__EXERCISE BRIEF__
Each line from the one containing "Bamboe Bumbu Soto" through the last line of the records is to be repeated exactly, with all pictures left out.

[Crawled caption data]
"""

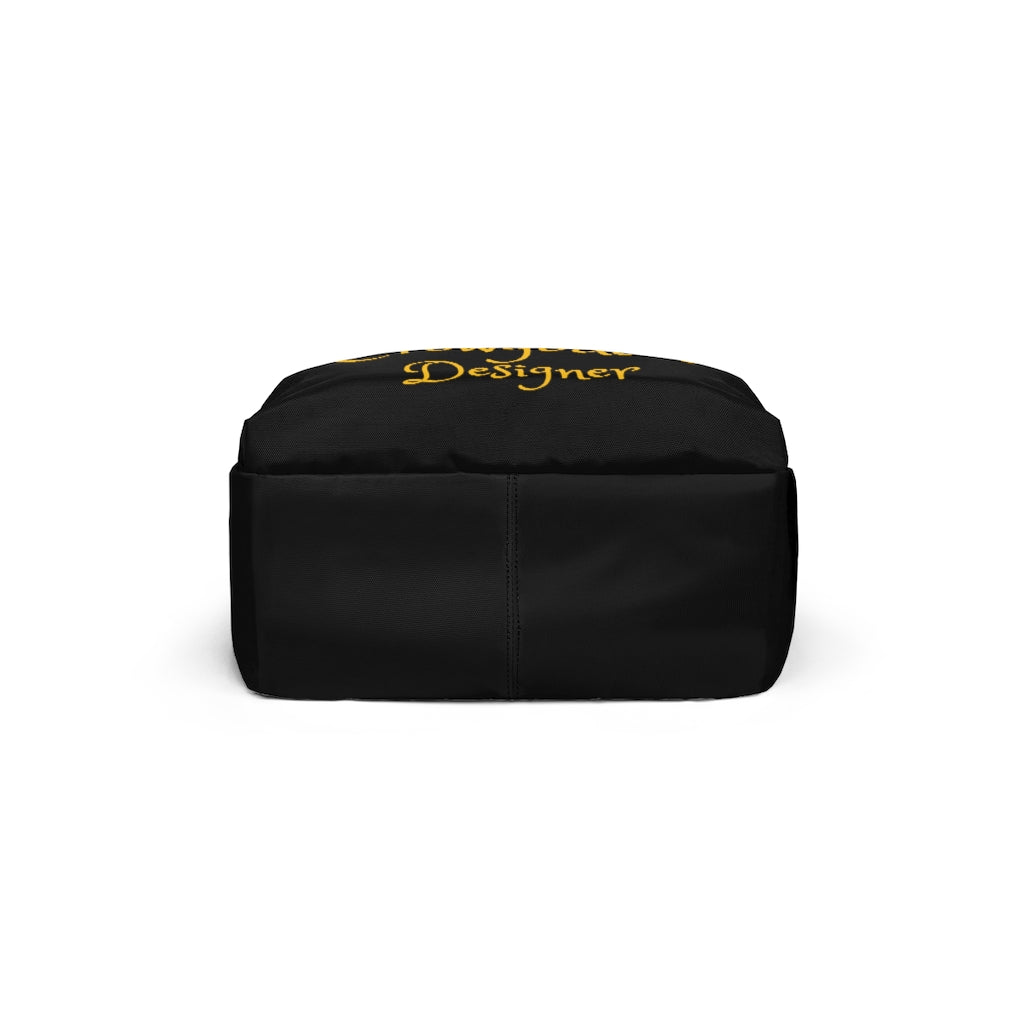 Crowgodshi Designer-X Backpack, GOLD LOGO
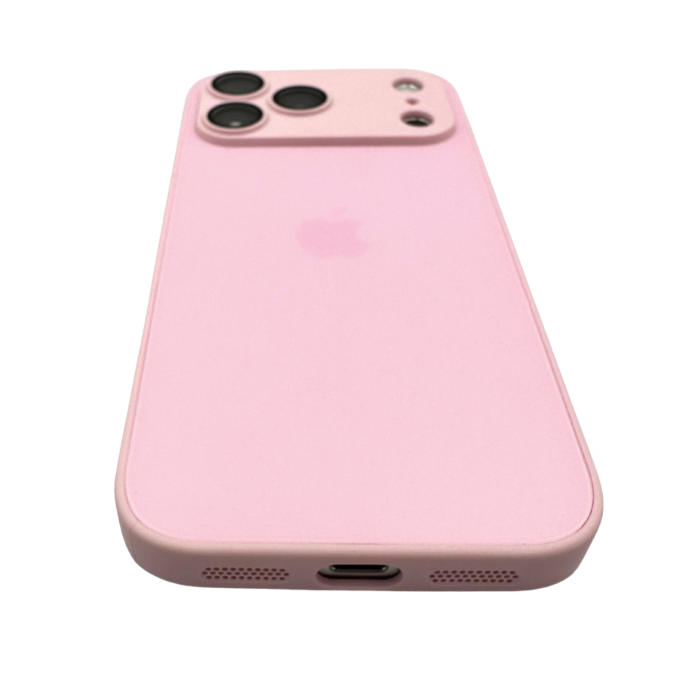 Husa iPhone 17 Pro Max, AG Glass MagSafe, Sticla si Silicon cu Protectie Lentile Camera, Chanel Pink - Mat [4]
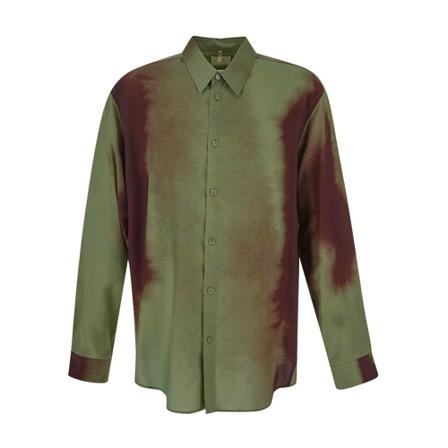 Oamc Casual Shirts Grøn, Herre Skjorter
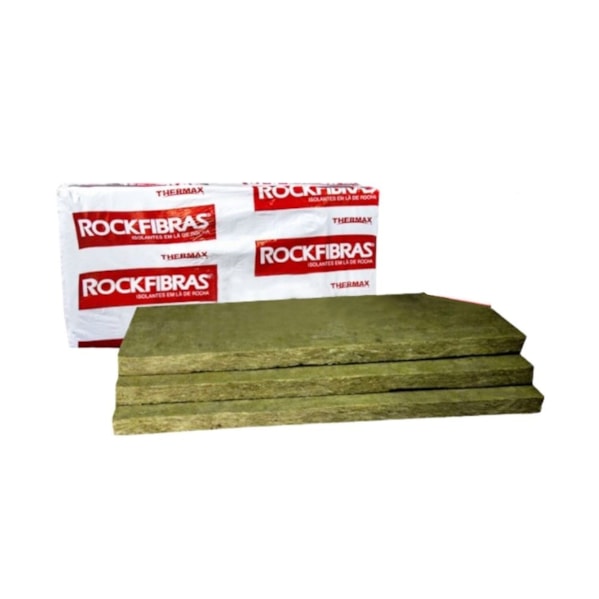 Kit 6 Placas Lã de Rocha 1200 x 600 x 51 mm Densidade 64 kg/m³ para Drywall e Tratamento Acústico
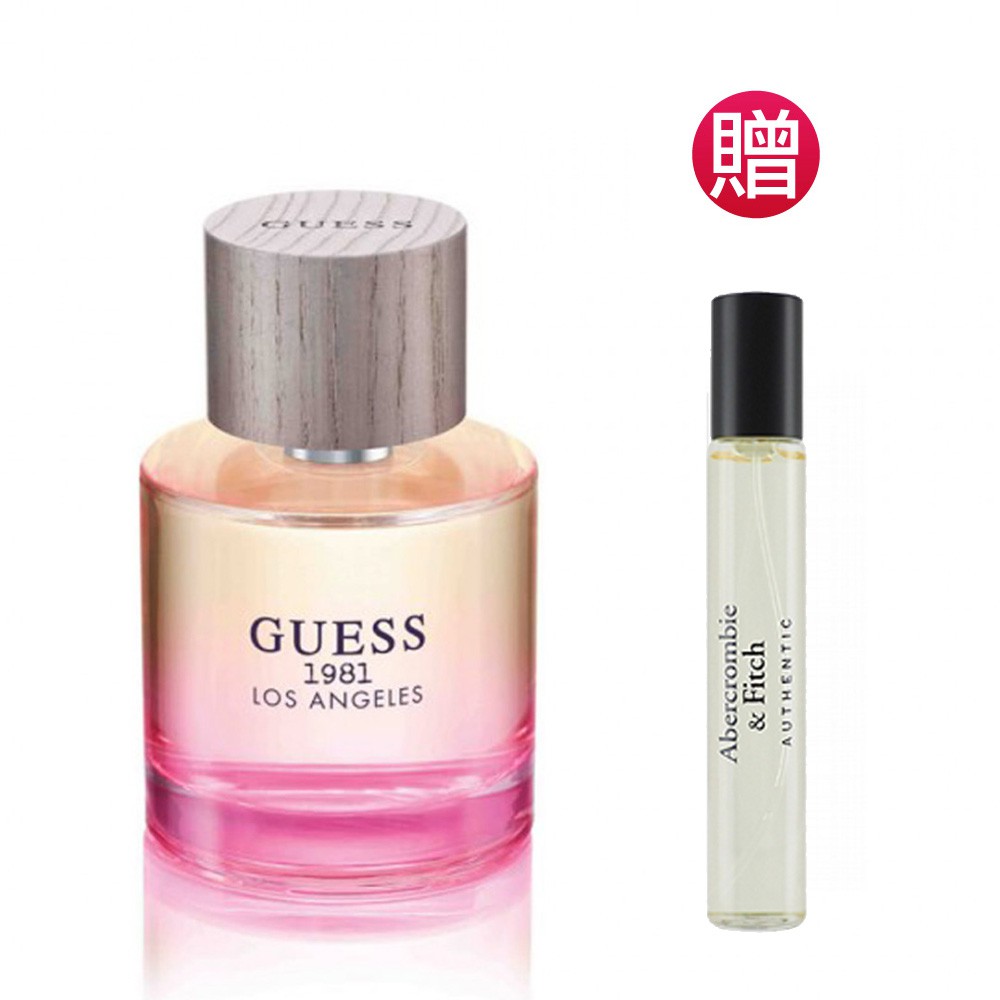 GUESS洛杉磯1981女性淡香水100ml (贈)真我男性淡香水隨身瓶15ml Vivo薇朵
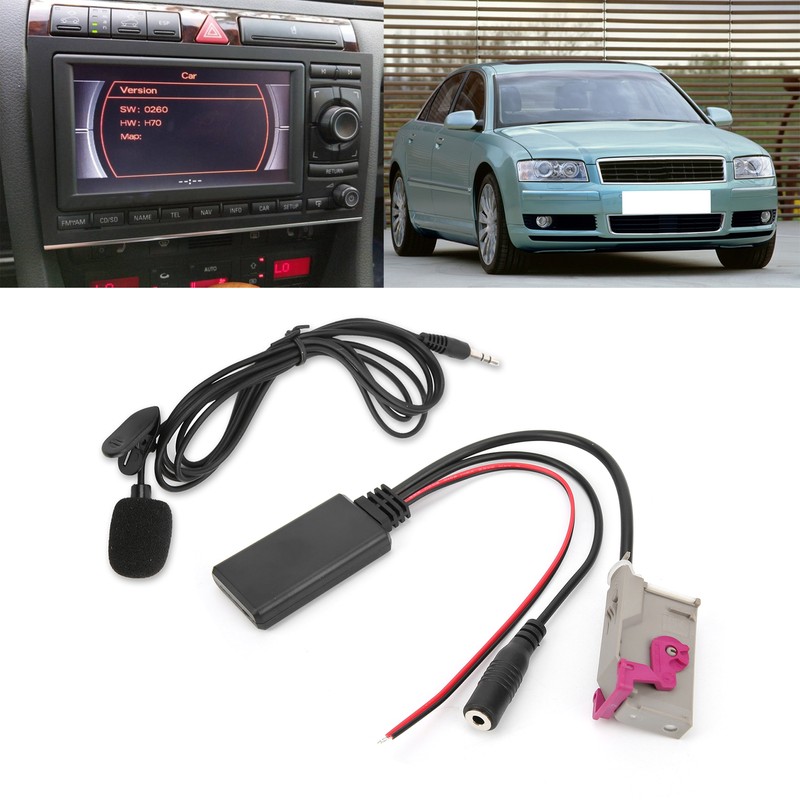 Bluetooth 5.0 AUX Cable Adapter with Microphone Replacement for A3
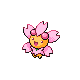 Cherrim's Pokémon Diamond Version and Pokémon Pearl Version Shiny sprite ♀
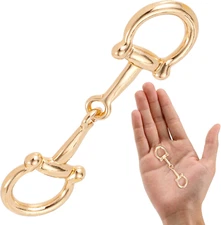 Scarf Ring Clips Buckles for Women, Wide Band Chunky Chain Scarf Clasp, Alloy Ti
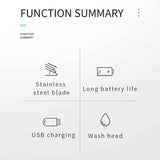 VGR V-071 5W Carbon Steel Blade USB Electric Hair Clipper, V-071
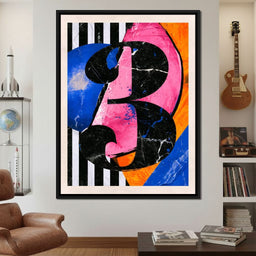 Rhythmic Shapes Of Modern Chaos 3 - NicheCanvas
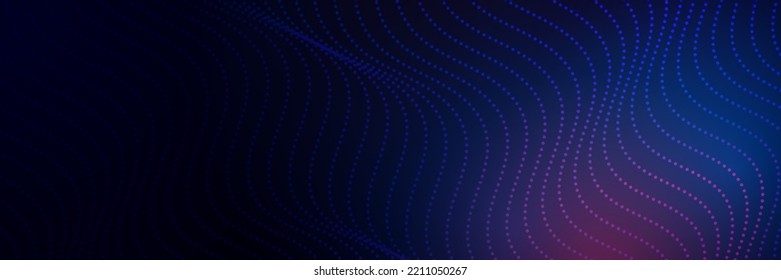 Abstract dark blue modern futuristic science technology hi tech digital abstract dark blue colorful design banner background. Vector abstract graphic design banner pattern background web template.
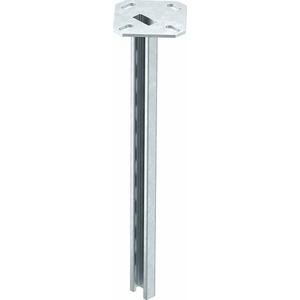 Hängestiel für Kabeltragsystem - Hängestiel mit angeschweißter Kopfplatte Stahl tauchfeuerverzinkt 41x21x300 mm - 6342752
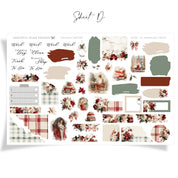 The Night Before | FOILED Hobonichi Cousin Weekly Sticker Kit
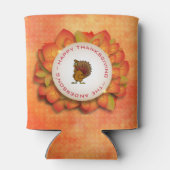 Rafraîchisseur Pour Canette Une couronne de feuilles d'automne & Turquie (Dos)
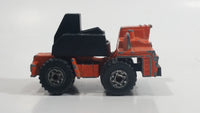 1995 Matchbox Mobile Crane Orange and Black Die Cast Toy Car Construction Equipment Vehicle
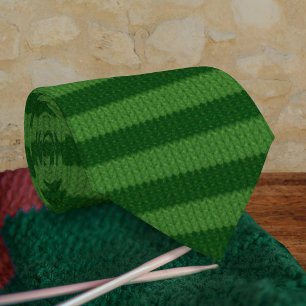 Het Groene Knit Effect van Xmas - de Strijd van de Stropdas
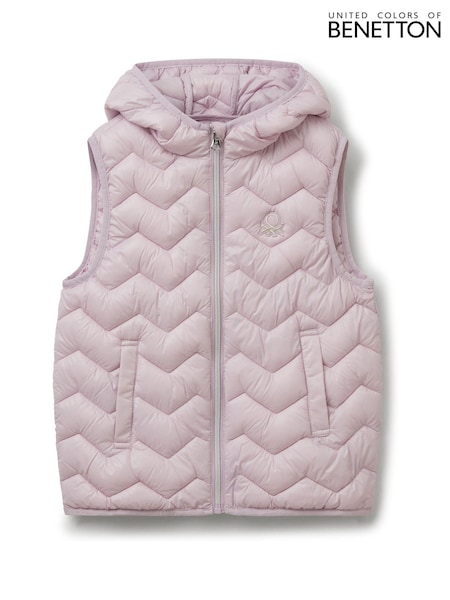 Benetton Girls Pink Quilted Gilet (6-14 yrs) (W27298) | AED210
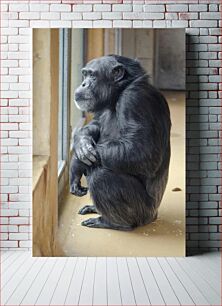 Πίνακας, Chimpanzee Gaze Βλέμμα χιμπατζή
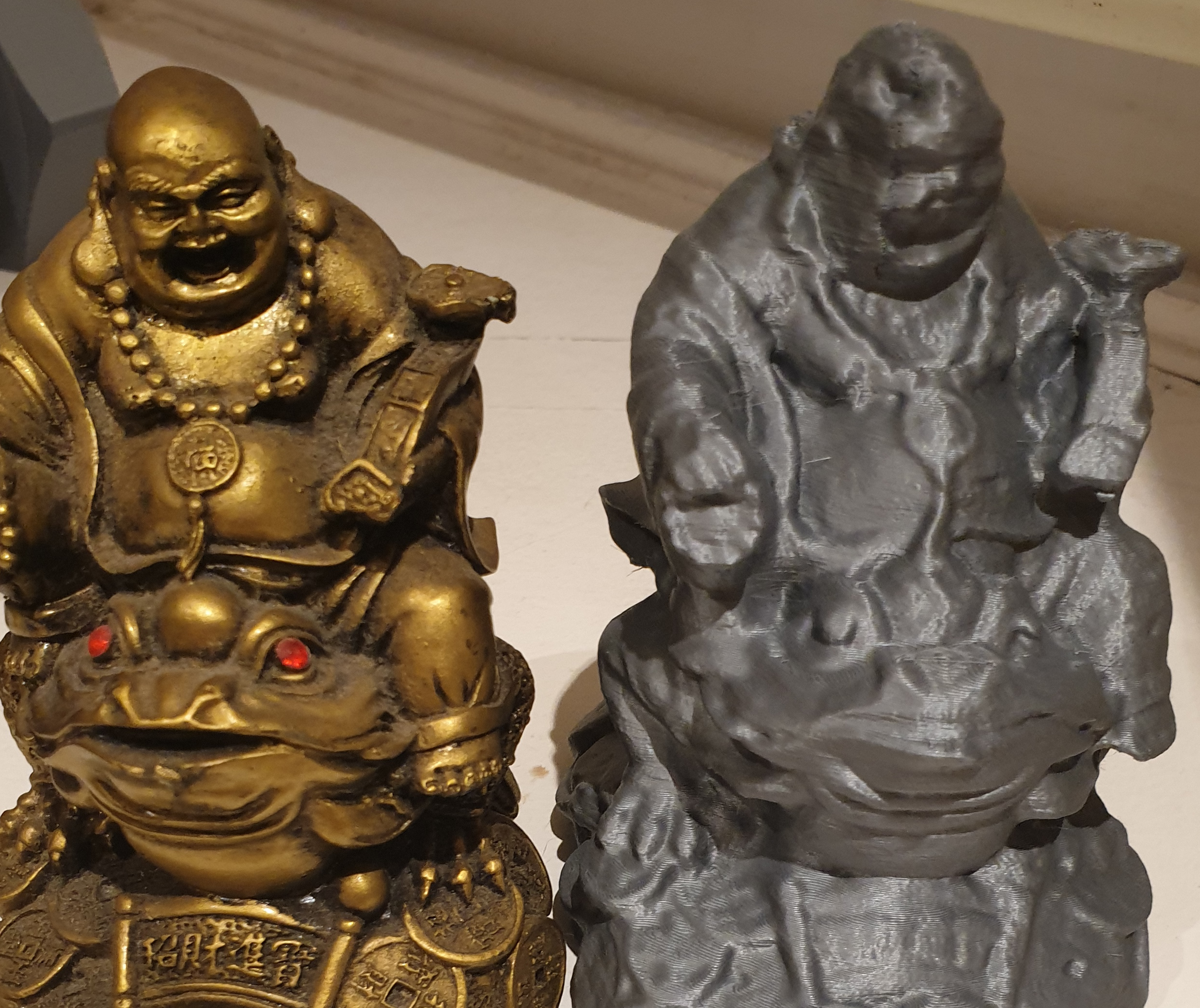 Laughing Buddha on Money Frog and Treasure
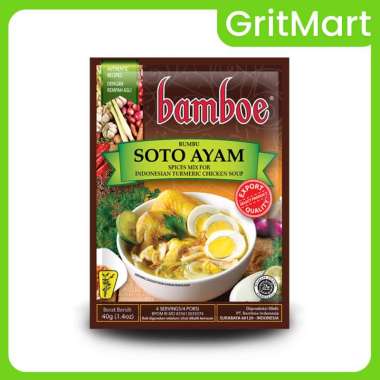 Bamboe Bumbu Soto Ayam 40 gr I Kuah Bening Wangi Rempah, Enak Kayak Soto Lamongan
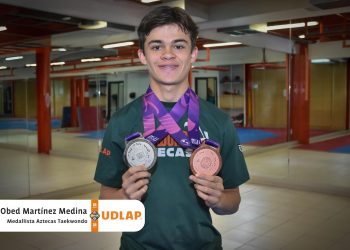Atleta UDLAP es medallista en los Panamericanos Junior 2025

"""

__RESULT OF THIS TASK__
 Bamboe Bumbu Soto Ayam 40 gr I Kuah Bening Wangi Rempah, Enak Kayak Soto Lamongan
Atleta UDLAP es medallista en los Panamericanos Junior 2025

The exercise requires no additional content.